69th IATA AGM
PROFITS ON THE RISE
But airlines still only earn about $4 per passenger, less than the cost of a sandwich in most places, says IATA chief Tony Tyler.
July 1st 2013
It was Singapore Airlines (SIA) chief executive, Goh Choon Phong, who spelled it out for the heads of the world’s airlines at their annual talkfest in South Africa last month. His message: forget about a level playing field, accept the situation and get on with it. Read More »
'Is there any industry that really has a level playing field? The answer is no. It is about how individual carriers react to that market and that environment' |
Goh Choon Phong Chief Executive Singapore Airlines |
“We have to ask ourselves, is there any industry that really has a level playing field? The answer is no. The important thing is recognizing the industry is such and then it is about how individual carriers react to that market and that environment,” he said.
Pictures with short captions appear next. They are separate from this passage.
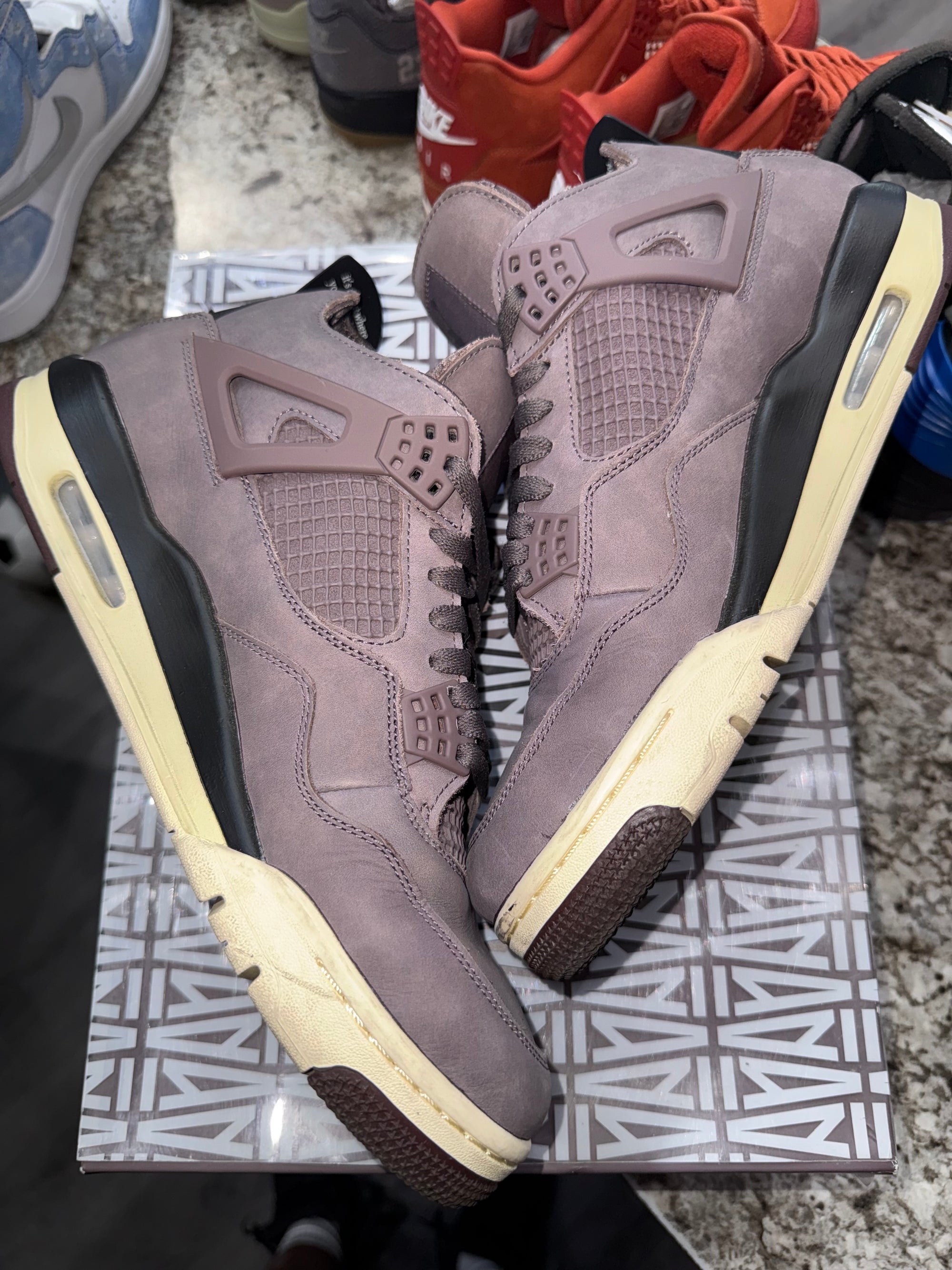 Jordan 4 Retro SP A Ma Maniére Violet Ore
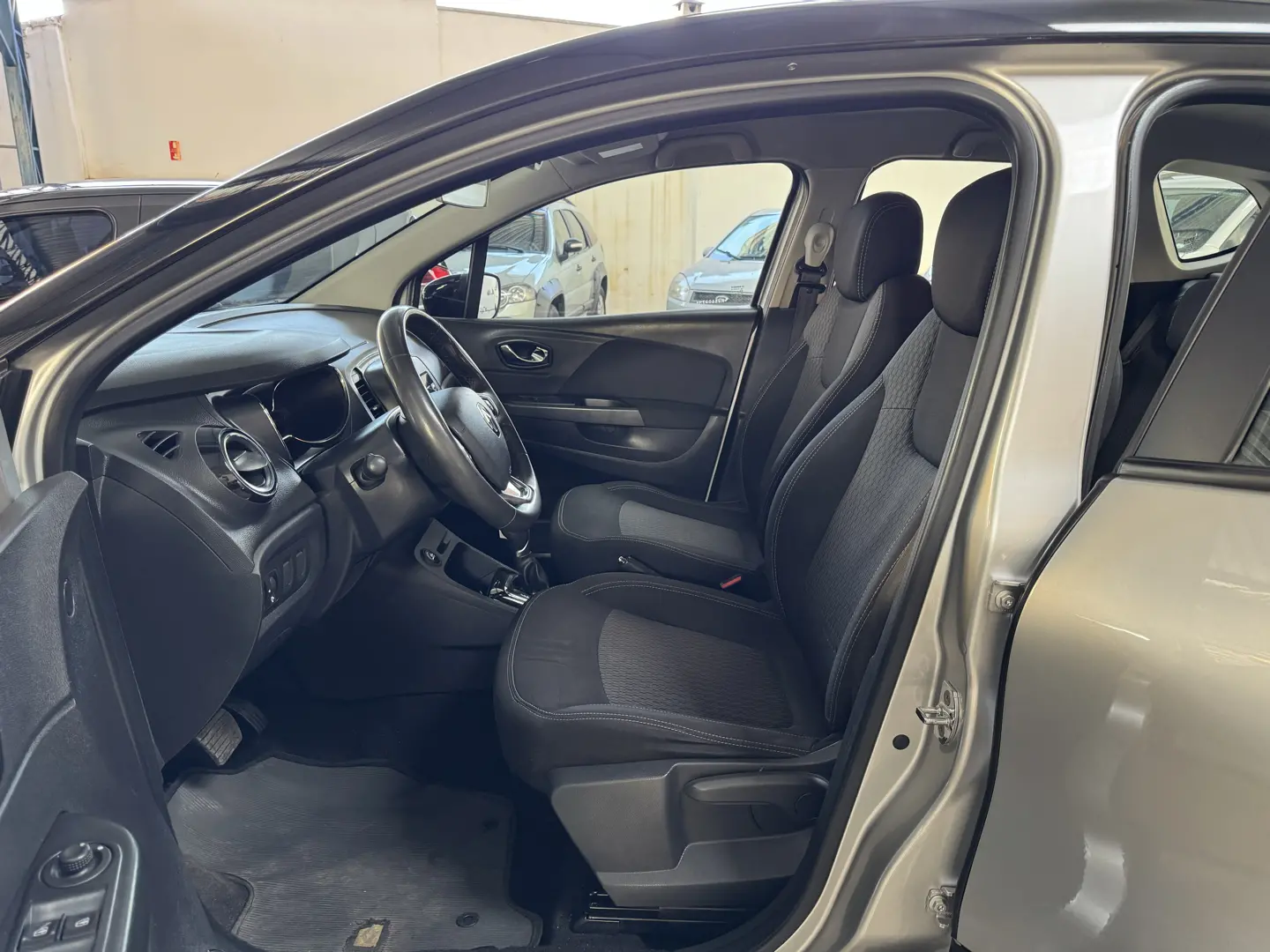 RENAULT Captur - Foto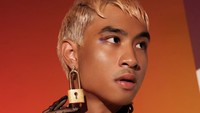 Pada akhir 2022 hingga kini, Devano Danendra tampil nyentrik dan jadi sorotan. Belum lama ini karena memakai kalung salib, dia dituding pindah keyakinan. Kabar itu dipastikan oleh dirinya sendiri tidaklah benar. Foto: dok. Instagram/@iamdevano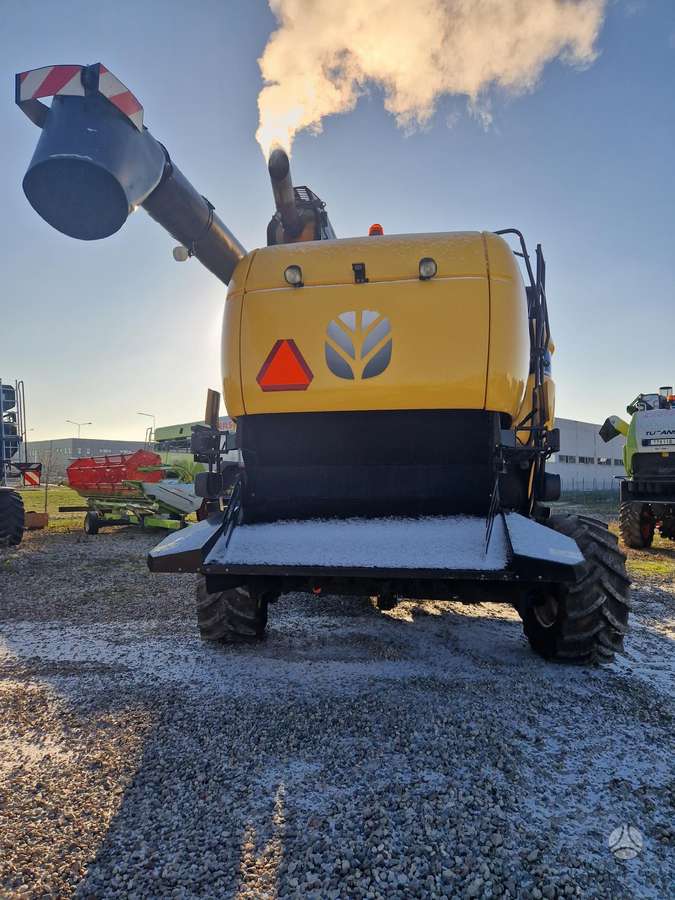 New Holland CX 8.85, комбайны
It was a view supported by Emirates Airline president, Tim Clark, who told delegates: “However hard we talk here about level playing fields, you will never get it so long as governments think differently about how aviation sits in their various economies.”
They were speaking during a chief executive insight panel after the heads of two big U.S. carriers, American Airlines’ Tom Horton and Delta Air Lines’ Richard Anderson, bemoaned the fact the U.S. does not have a national aviation policy.
“Other governments take a different view,” said Clark. “They recognize the quality of the business that the aviation sector provides, support it and have a formal policy that allows them to maximize the opportunities.
“But even in the developed world there are governments that do not share that view. They do not support their own carriers, whether they be government-owned carriers or in the private sector.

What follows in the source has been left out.